Un peu plus tôt, le Conseil des droits de l'Homme (CDH) de l'ONU s'est prononcé à une très large majorité (25 pour, 2 contre et 20 abstentions) en faveur de la tenue d'une réunion d'urgence vendredi sur la situation au Bélarus.

Dans une lettre écrite au nom de l'Union européenne, l'ambassadeur allemand auprès des Nations unies à Genève, Michael von Ungern-Sternberg, avait demandé la semaine dernière au CDH d'organiser ce débat urgent.

"Les raisons de cette demande sont claires : il y a eu une forte détérioration de la situation des droits de l'homme. (...) Le CDH ne doit pas rester silencieux sur cette question", a-t-il déclaré lundi devant le Conseil.

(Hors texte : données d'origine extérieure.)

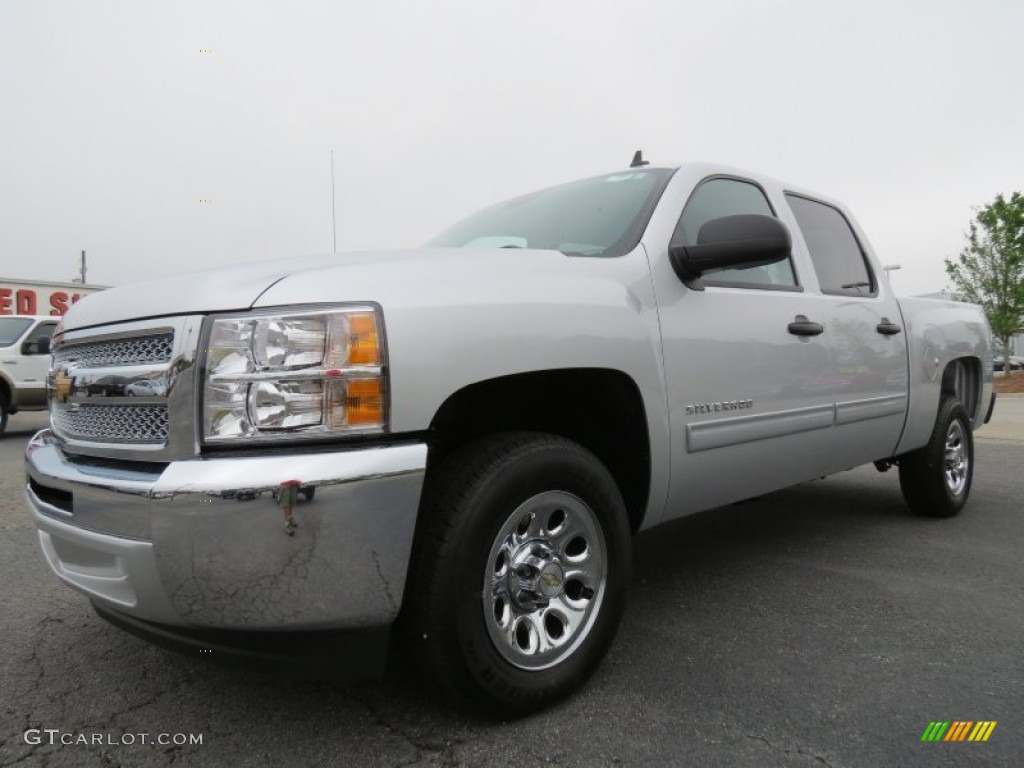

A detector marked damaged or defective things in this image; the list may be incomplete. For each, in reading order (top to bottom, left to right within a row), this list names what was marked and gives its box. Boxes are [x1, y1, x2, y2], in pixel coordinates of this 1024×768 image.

cracked asphalt [0, 409, 1019, 768]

Le président biélorusse Alexandre Loukachenko, au pouvoir depuis 1994, fait face à un mouvement de contestation inédit depuis l'élection du 9 août, qui l'a donné gagnant avec 80% des suffrages et que l'opposition dénonce comme frauduleuse.

Malgré l'ampleur de la contestation, M. Loukachenko a exclu tout compromis significatif, n'évoquant qu'une vague réforme à venir de la Constitution. Il accuse les Occidentaux de soutenir la protestation, se tournant vers Moscou pour garder son emprise.

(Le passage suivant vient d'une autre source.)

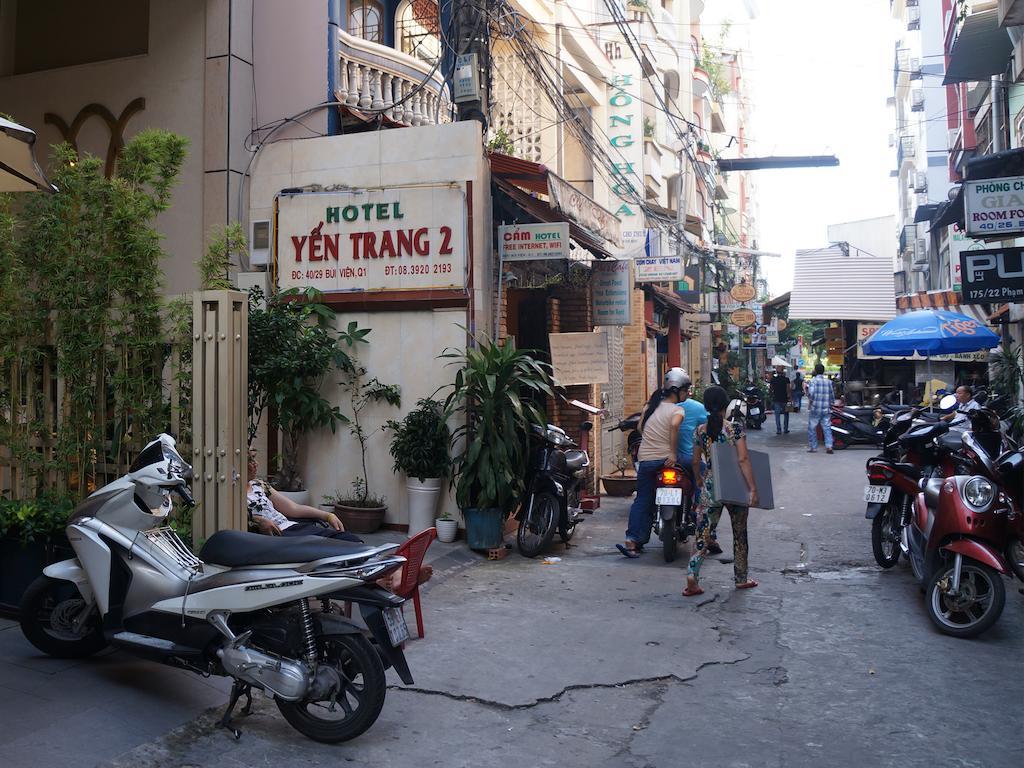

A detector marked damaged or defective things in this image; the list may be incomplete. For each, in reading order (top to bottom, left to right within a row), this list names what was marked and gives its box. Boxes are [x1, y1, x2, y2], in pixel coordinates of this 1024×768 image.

cracked pavement [2, 428, 1024, 764]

Des milliers de personnes ont été arrêtées depuis le début du mouvement et les accusations de torture de prisonniers se sont multipliées.

La Russie a elle graduellement accru son appui à M. Loukachenko, Vladimir Poutine allant finalement jusqu'à promettre une intervention sur place si les manifestations devaient dégénérer en violences.

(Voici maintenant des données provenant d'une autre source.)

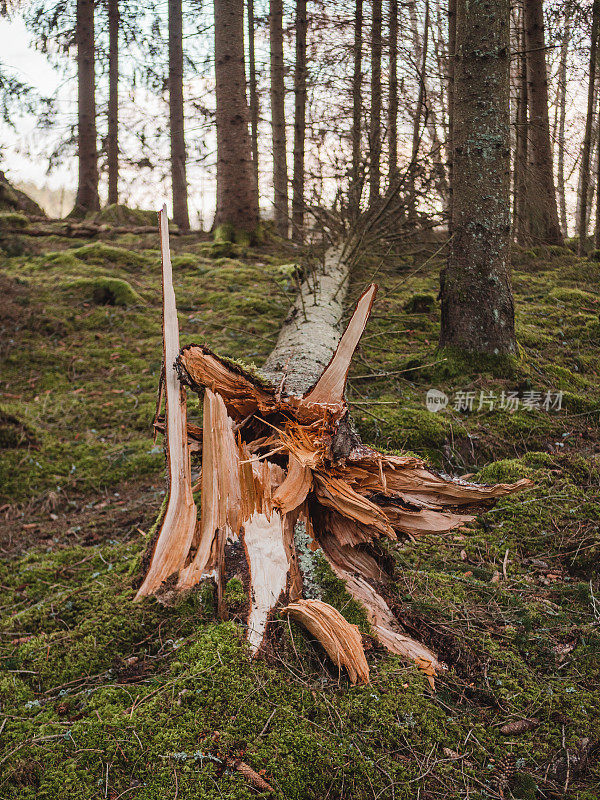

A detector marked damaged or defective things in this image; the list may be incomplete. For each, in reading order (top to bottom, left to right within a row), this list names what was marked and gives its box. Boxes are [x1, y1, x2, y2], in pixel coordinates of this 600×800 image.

splintered wood [138, 225, 532, 688]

Au CDH, l'ambassadeur vénézuélien auprès des Nations unies à Genève, Jorge Valero, a pris fait et cause pour les autorités biélorusses, arguant que la situation "ne nécessite pas d'intervention extérieure".

Son homologue biélorusse, Yury Ambrazevich, a également jugé "inacceptable que l'UE propose de tenir un débat d'urgence" sur son pays, et dénoncé la "campagne politique organisée par l'UE afin de soutenir les forces en Biélorussie qui ont perdu les élections et de forcer les autorités du Bélarus à revoir le résultat des élections".

Il a également souligné que "des travaux sont en cours pour rétablir l'harmonie nationale dans le pays".

Le débat urgent sur le Bélarus sera le sixième depuis le lancement du CDH en 2006. Les précédents débats urgents portaient sur l'intervention israélienne contre la flottille d'aide à Gaza (juin 2010), la Syrie (en mars 2012 et mai 2013), la région syrienne de la Ghouta orientale (mars 2018) et le racisme et les violences policières après la mort de George Floyd aux Etats-Unis (juin 2020).